During efforts to find a way to combat Covid-19, the president had advocated the use of the drug hydroxychloroquine which has been used to treat malaria. Not only had he backed it up with money by buying stocks in the company which produces the hydroxychloroquine he is going to take the drug himself. Whether or not this ten day trial on himself will help in preventing the president for getting the coronavirus remains to be seen. However, it is a good example of “putting your money where you mouth is.”
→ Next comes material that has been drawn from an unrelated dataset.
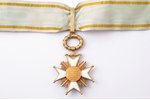 Орден Трёх Звёзд, 3-я степень, серебро, позолота, эмаль, 875 проба, Латвия, 1924-1940 г., орденская...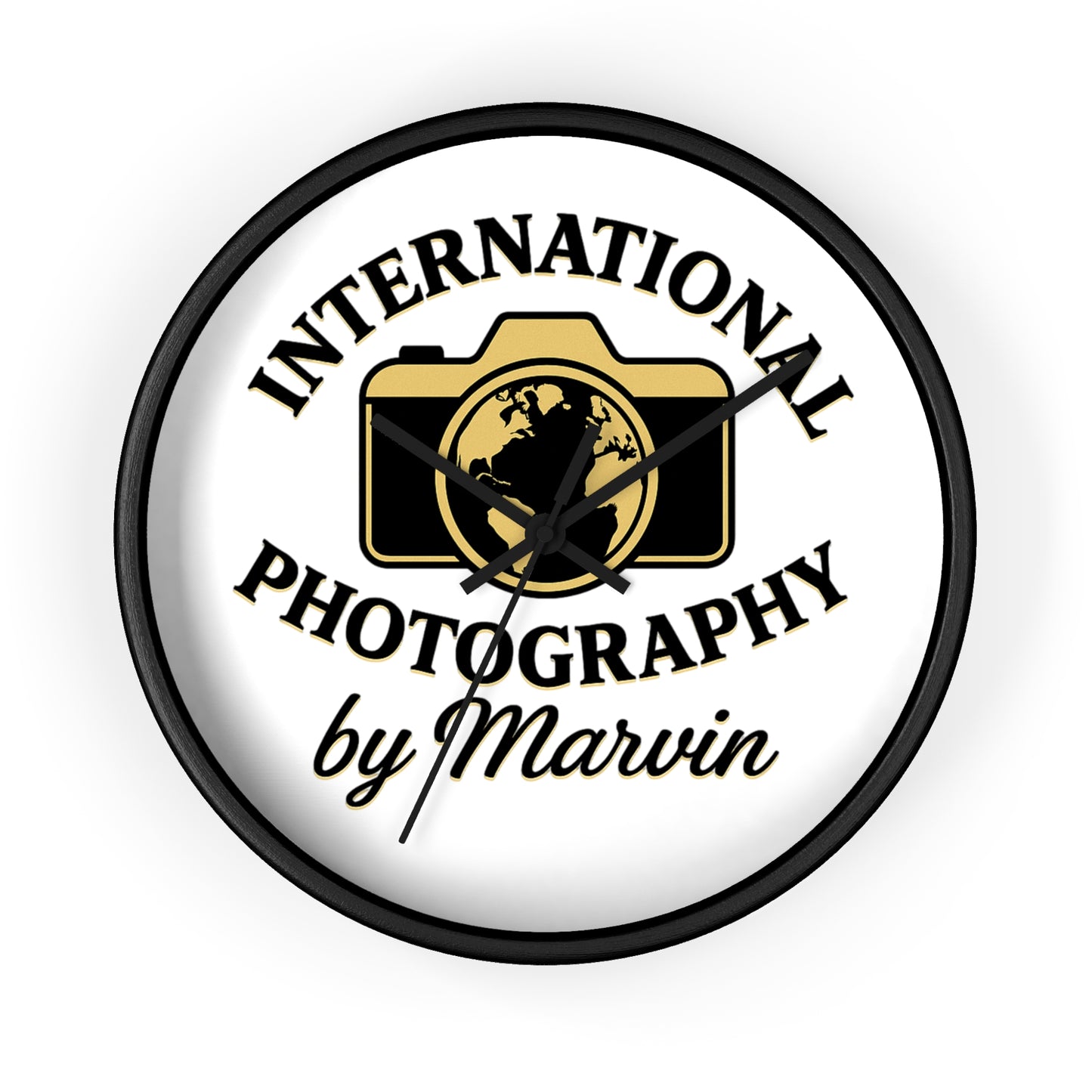 International Photography Wall Clock — "by Marvin" Personalized Photographer Gift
The true origin of the saying dates back to 1881, when a similar phrase was found in the Methodist Episcopal Church Year Book. This saying calls for people to “put their money where their faith is.” Perhaps, some congregants were not contributing to the church in a way which sincerely demonstrated the level of faith they professed. Unfortunately, many “church going” people are still living in sin. Many people are simply pretending to be righteous. However, there are some who are genuinely trying to do the best they can. Consider the following poem and determine which one represents you.

Two men come to worship
and bow down in prayer.
The one does it daily,
the other’s prayers are rare.

Two sisters finally believe
not to let their tongue slip.
The one will do her very best
the other gives in to gossip.

Two Christians give a smile
showing love in their heart.
The one because its real
with the other its an art.

Two men study the Bible
for God’s will to know.
One does it for wisdom,
but the other for show.

Two sisters say they choose
Their clothing with great care.
One does it modestly
the other goes almost bare.

Two brothers are aware
through all trials they must do right.
The one strives all day long,
But the other gives up at night.

Consider each one of these.
Which do you represent of the two?
The one is but a fake,
But the other one is true.

Jesus warned that some would practice righteousness merely to be seen by others. “Take heed that you do not do your charitable deeds before men, to be seen by them. Otherwise you have no reward from your Father in heaven. Therefore, when you do a charitable deed, do not sound a trumpet before you as the hypocrites do in the synagogues and in the streets, that they may have glory from men. Assuredly, I say to you, they have their reward. But when you do a charitable deed, do not let your left hand know what your right hand is doing, that your charitable deed may be in secret; and your Father who sees in secret will Himself reward you openly” (Matthew 6:1-4). Remember, Jesus is able to know and detect those who are being hypocritical. He said in Matthew 23:14, “Woe to you, scribes and Pharisees, hypocrites! For you devour widows’ houses, and for a pretense make long prayers. Therefore you will receive greater condemnation.”